Publication
Vera Rief, Mirella Hladký, Minju Yoo, Stephanie Heel, Shintaro Sato, Tomohiro Nagashima
ECTEL2026 · 2026
@inproceedings{rief2026conversational,
title = {Conversational AI meets mindfulness: Exploring LLMs as a socio‑emotional layer in a math intelligent tutoring system},
author = {Vera Rief and Mirella Hladký and Minju Yoo and Stephanie Heel and Shintaro Sato and Tomohiro Nagashima},
booktitle = {ECTEL2026},
year = {2026},
}
Intelligent Tutoring Systems (ITSs) traditionally focus on cognitive support, often overlooking students’ emotional state.
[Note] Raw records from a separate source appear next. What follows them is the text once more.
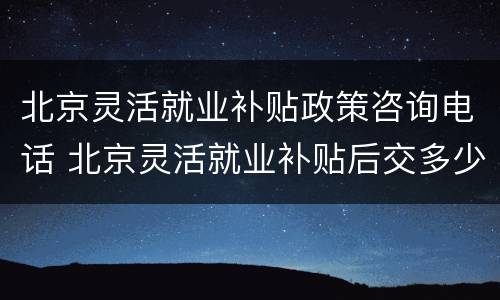 北京灵活就业补贴政策咨询电话 北京灵活就业补贴后交多少钱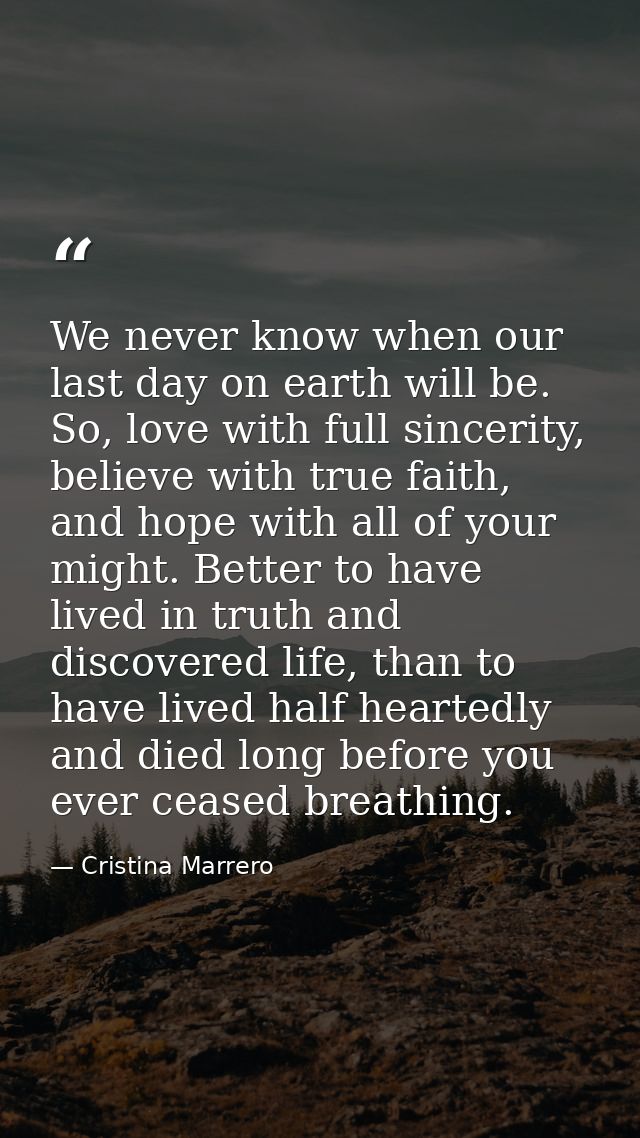 We never know when our last day on earth will be. So, love with full sincerity, believe with true faith, and hope with a — Cristina Marrero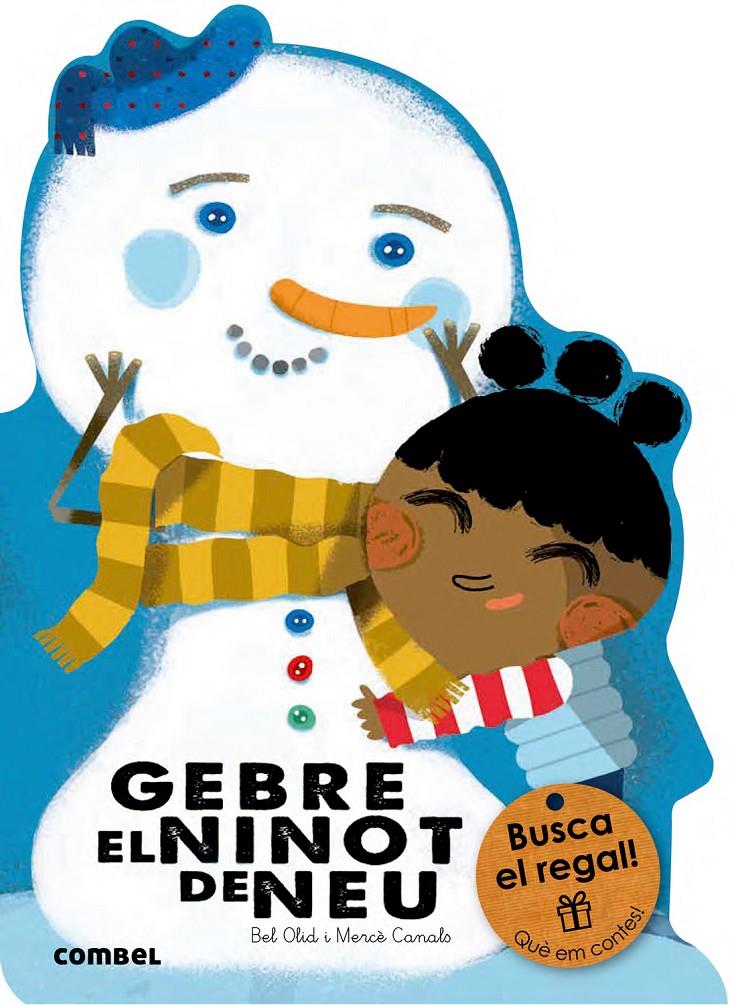 Gebre, el ninot de neu | 9788491010777 | Olid, Bel | Llibreria online de Figueres / Empordà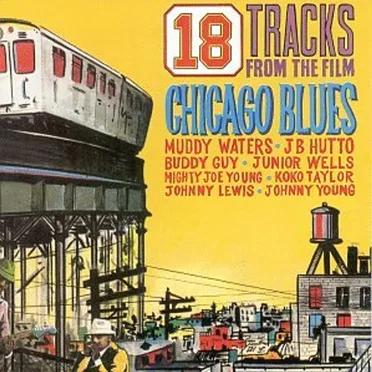 18 Tracks From the Film Chicago Blues by Various Artists - album cover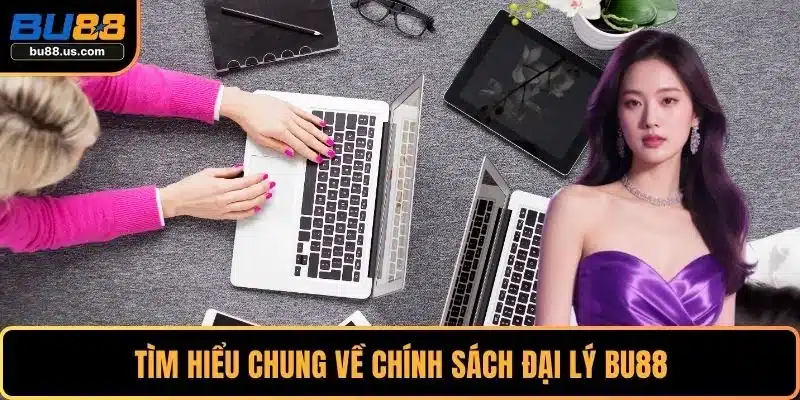 Tìm hiểu chung về chính sách đại lý BU88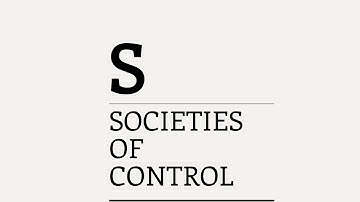 Three Minute Theory: What are Societies of Control?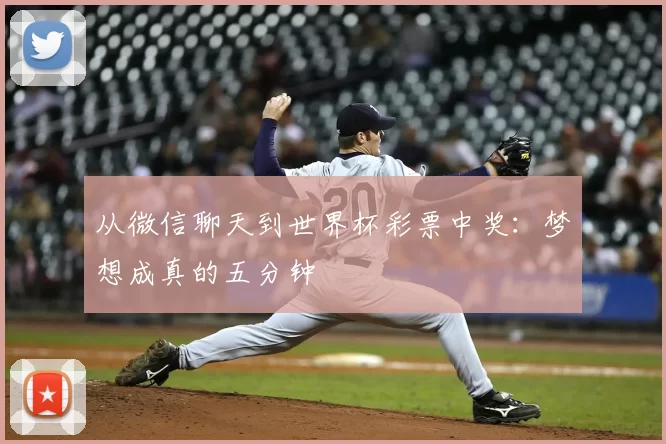 从微信聊天到世界杯彩票中奖:梦想成真的五分钟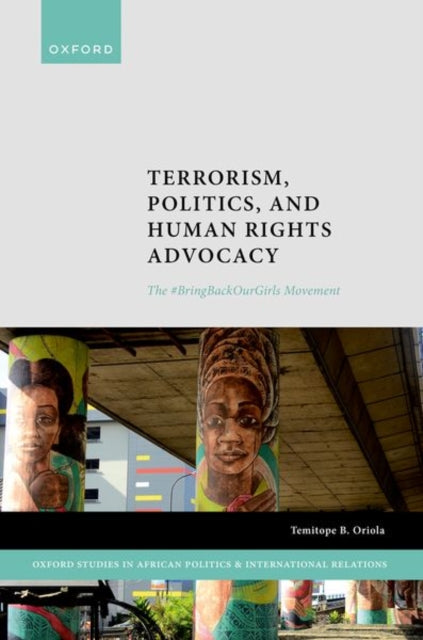 Book cover of: Terrorism, Politics, and Human Rights Advocacy. By: Temitope Oriola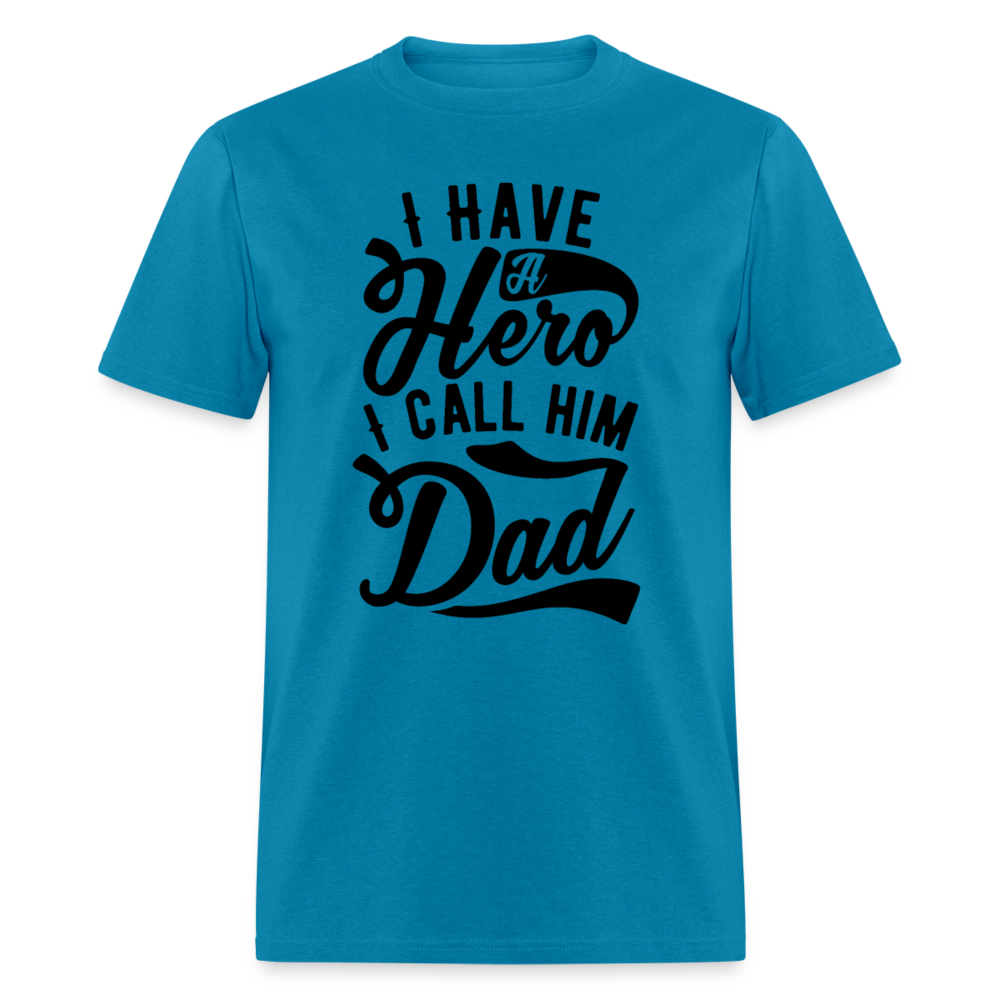 Unisex Classic T-Shirt I HAVE A HERO, I CALL HIM DAD - turquoise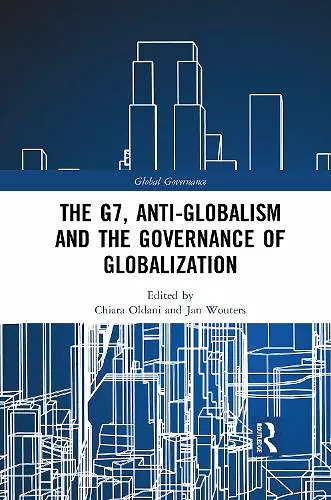 The G7, Anti-Globalism and the Governance of Globalization cover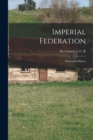 Imperial Federation : Naval and Military - Book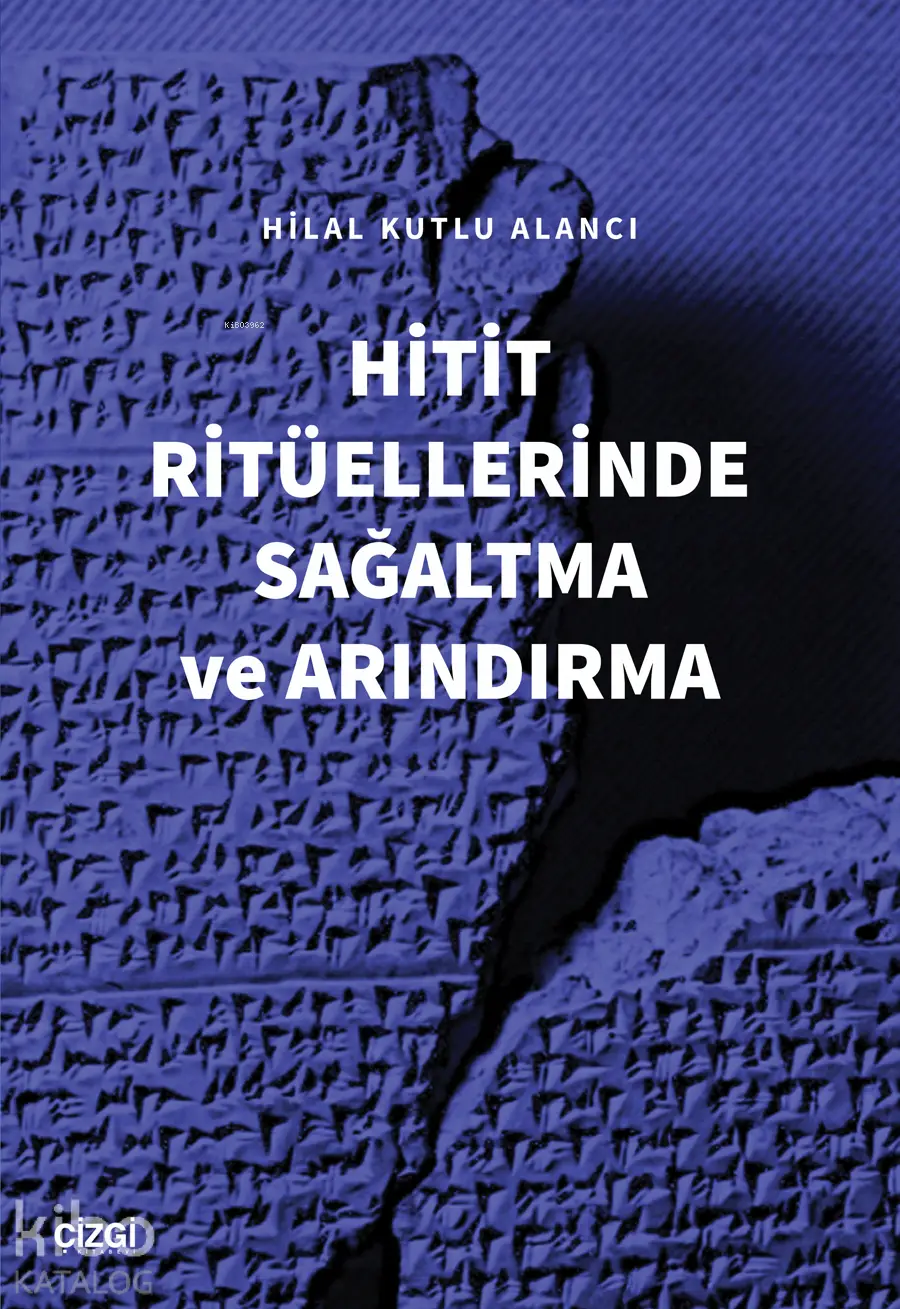  Hitit Ritüellerinde Sağaltma ve Arındırma | Hilal Kutlu Alancı | Çizgi Kitabevi | 9786253964474 | 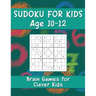 Sudoku for Kids Age 10-12: Brain Games for Clever Kids, Sudoku Game Activity Book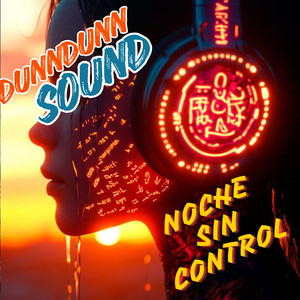 NOCHE SIN CONTROL by DunnDunn Sound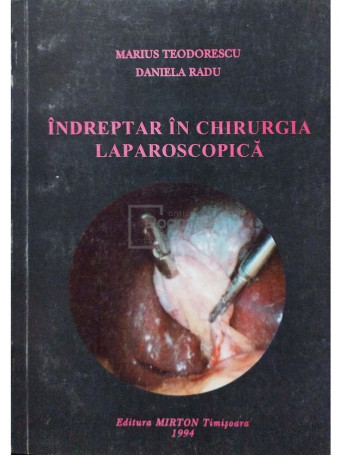 Indreptar in chirurgia laparoscopica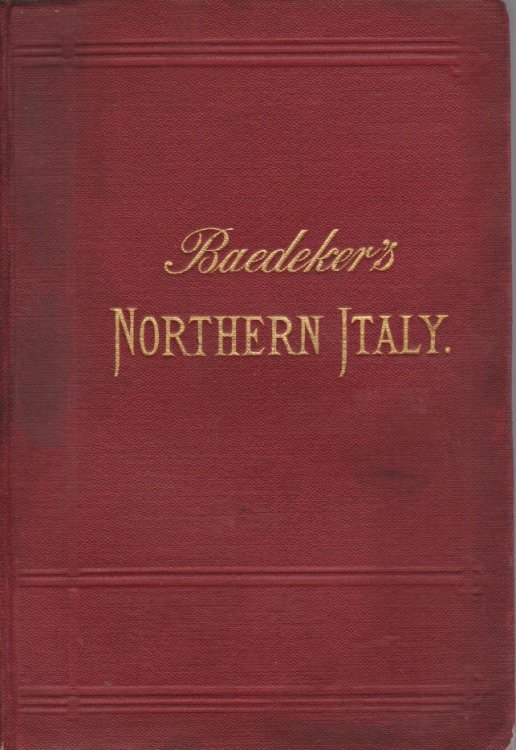 ITALY. HANDBOOK FOR TRAVELLERS First Part: Northern Italy, Including Leghorn, Florence, Ravenna, the Island of Corsica and Routes through France, Switzerland, and Austria.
We developed an ITS that leverages Large Language Models (LLMs) to provide both cognitive and socio-emotional support in algebra through a pedagogical agent “Matt”. The system offers LLM-based mindful chats, breathing exercises, and mindful hints and feedback based on Kabat-Zinn’s seven principles of mindfulness to support students’ learning experiences and reduce math anxiety. In a classroom study with 7th graders, we compared a Mindful version against Cognitive support-only version. Although external disruptions limited the final analysis to 42 students, the results provide important exploratory insights. While no significant differences were found in math learning or state-math anxiety, the Mindful group reported significantly higher perceived socio-emotional support and warmth from the agent. Exploratory log data revealed that students in the Mindful condition completed fewer problem-solving steps with fewer hints requested. Our study demonstrates the feasibility of integrating mindfulness into ITSs through LLM-based interactions and positions LLMs as an adaptive, socio-emotional layer within cognitive math tutoring.